### SUPPLIED INFORMATION
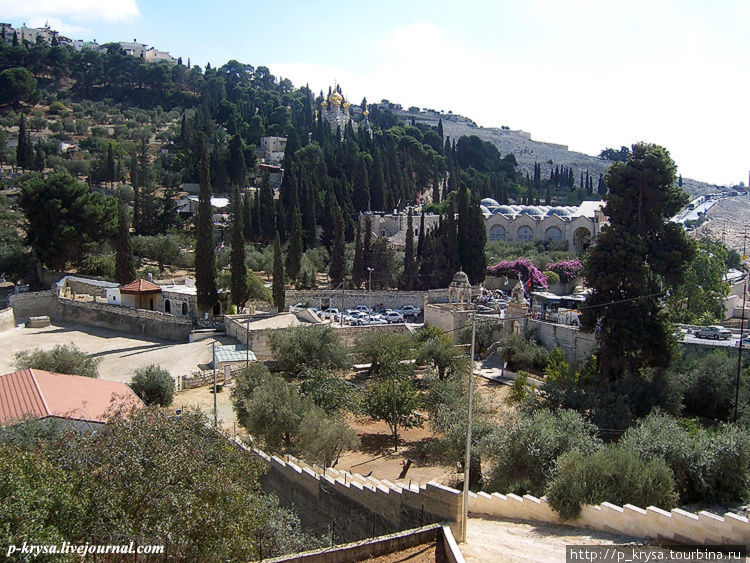 Масличная (Елеонская) гора / Mount of Olives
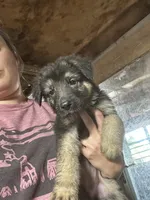 Female 4, a female German Shepherd Dog for sale in Germantown, IL – 2 of 6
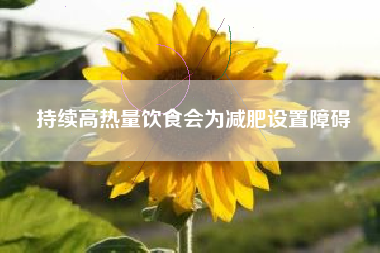 持续高热量饮食会为减肥设置障碍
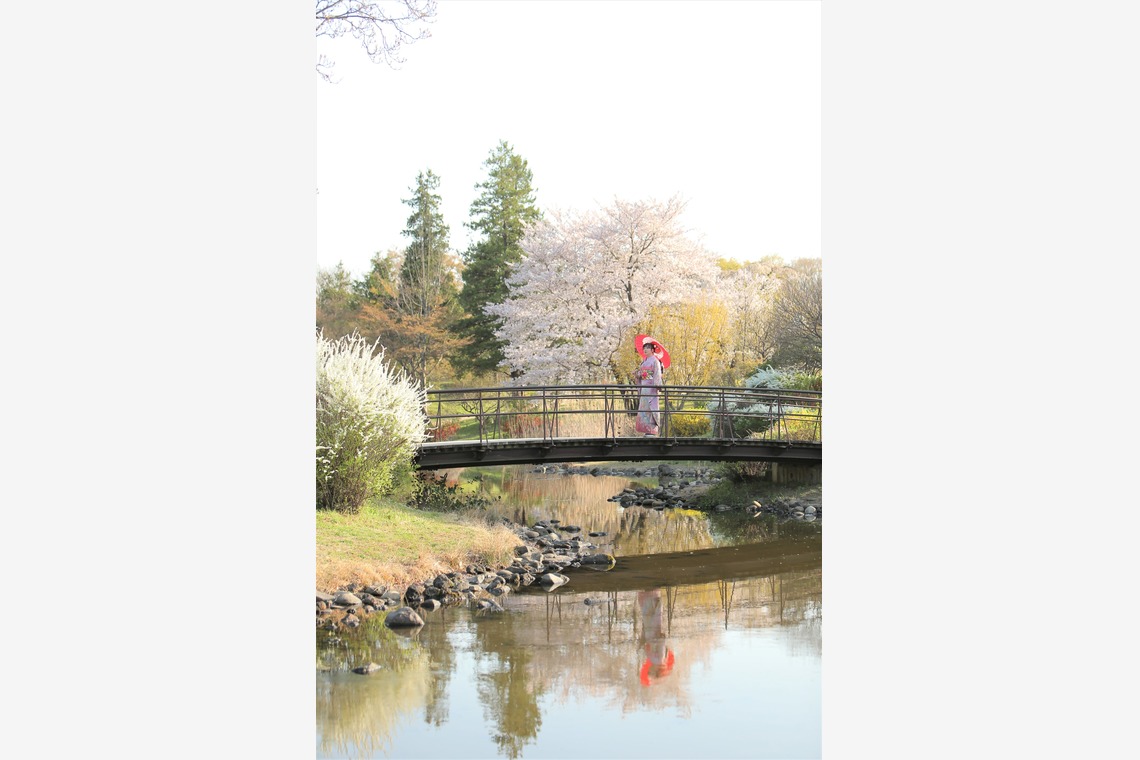 Photographer  Tomoが撮影した写真のアルバム「成人の日」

### WHAT YOU ARE ASKED TO DO
Begin with the line containing "持续高热量饮食会为减肥设置障碍" and end with the last line of the material above; return exactly those lines, both ends included, and omit all pictures.

### YOUR RESPONSE
 持续高热量饮食会为减肥设置障碍
 Photographer  Tomoが撮影した写真のアルバム「成人の日」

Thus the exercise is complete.